Courtesy Northrop Grumman

Military officials say they need restricted training airspace for a planned unmanned aircraft base in Grand Forks, but the FAA says it's not ready to establish such an airspace in North Dakota.

The Air Force says 35 percent of all aircraft ordered by the military in the next five years will be piloted from the ground by remote control. 

Two unmanned planes, the Predator and the Global Hawk, will be stationed in North Dakota. The military wants a 35-mile by 45-mile area set aside for training. 

At a field hearing in Grand Forks this morning, Sen. Byron Dorgan, D-N.D., criticized the Pentagon and the FAA for moving too slowly. 

"There's no excuse for them not meeting time lines to find a way to make certain that where you have decided to locate unmanned aerial vehicles, you've also created the opportunity for training for the [unmanned aerial vehicles] and their crews," Dorgan said.

Brigadier General Leon Rice said demand for what the military calls remotely-piloted aircraft is outpacing the ability to train crews. 

"Really our limiting factor now is the training airspace for the crews themselves," Rice said. "We have six RPA platforms, Predators, in the state right now in boxes, waiting to be opened up and put into the sky."

UAS hearing
FAA Chief Operating Officer Hank Krakowski, second from left, told a Senate Commerce, Science and Transportation Committee hearing in Grand Forks on Monday, September 13, 2010 that the FAA must move carefully in allowing unmanned aircraft to fly in the national airspace.
MPR Photo/Dan Gunderson

Unmanned aircraft can't be flown in the U.S. except in cases where the FAA approves a conditional waiver. The military said a waiver won't meet their training needs. They want a piece of sky set aside for unmanned aircraft.

Major General Marke Gibson said the military knows how to safely fly unmanned craft with manned aircraft. He points to Afghanistan as an example. 

"The operations at Kandahar on an annual basis approximates Miami International [based on the number of traffic counts]," he said. "We move our unmanned systems in an out of that airfield without shutting it down, without any special segregation. They move like any other aircraft."

But the FAA isn't convinced. The FAA has concerns about the ability of unmanned craft to avoid collisions with civilian aircraft, said Hank Krakowski, head of the FAA's air traffic arm.

"You know, we have to do this deliberatively," he said. "These are unusual vehicles to enter in to the national airspace system; they were designed for typically the war theater."
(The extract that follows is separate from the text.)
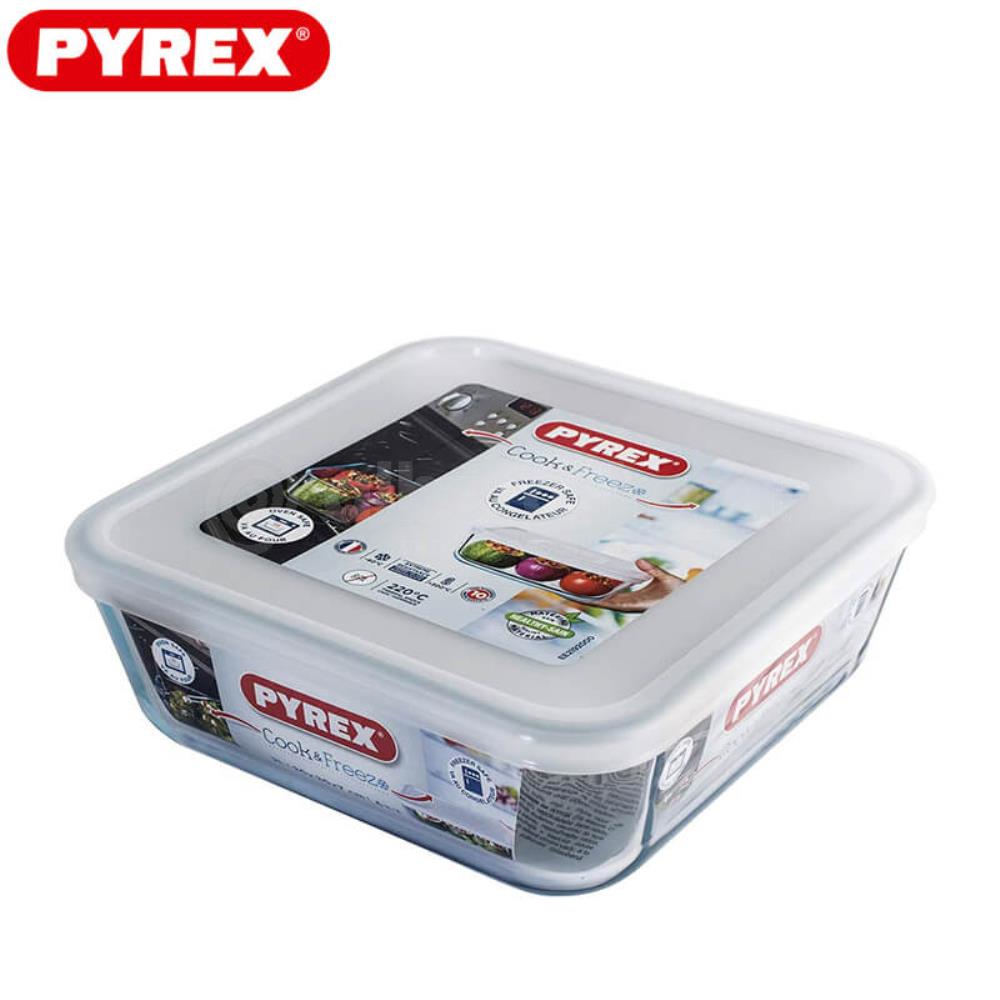 PYREX COOK&FREEZ BOÎTE DE CONSERVATION CARRÉE 20 x 20CM HT 7CM EN VERRE BOROSILICATE 2,0L AVEC COUVERCLE -40 À +300°C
Krakowski said the FAA needs support of the Airline Pilots Association and the general aviation industry before opening airspace to unmanned aircraft. 

Dorgan criticized both the FAA and the Pentagon for missing deadlines to provide promised reports on airspace to Congress.  

After the hearing, Dorgan called the questioning a way to light a fire under bureaucracies. He said they need to find a way to make sure the project moves forward quickly.

"To not do that is a terrible waste of taxpayers money, it diminishes our defense capability and just doesn't make any sense," he said.

National Guard crews in Fargo are currently flying unmanned aircraft in the Middle East. Within the next two years, the primary mission of the Grand Forks Air Base will be flying unmanned aircraft.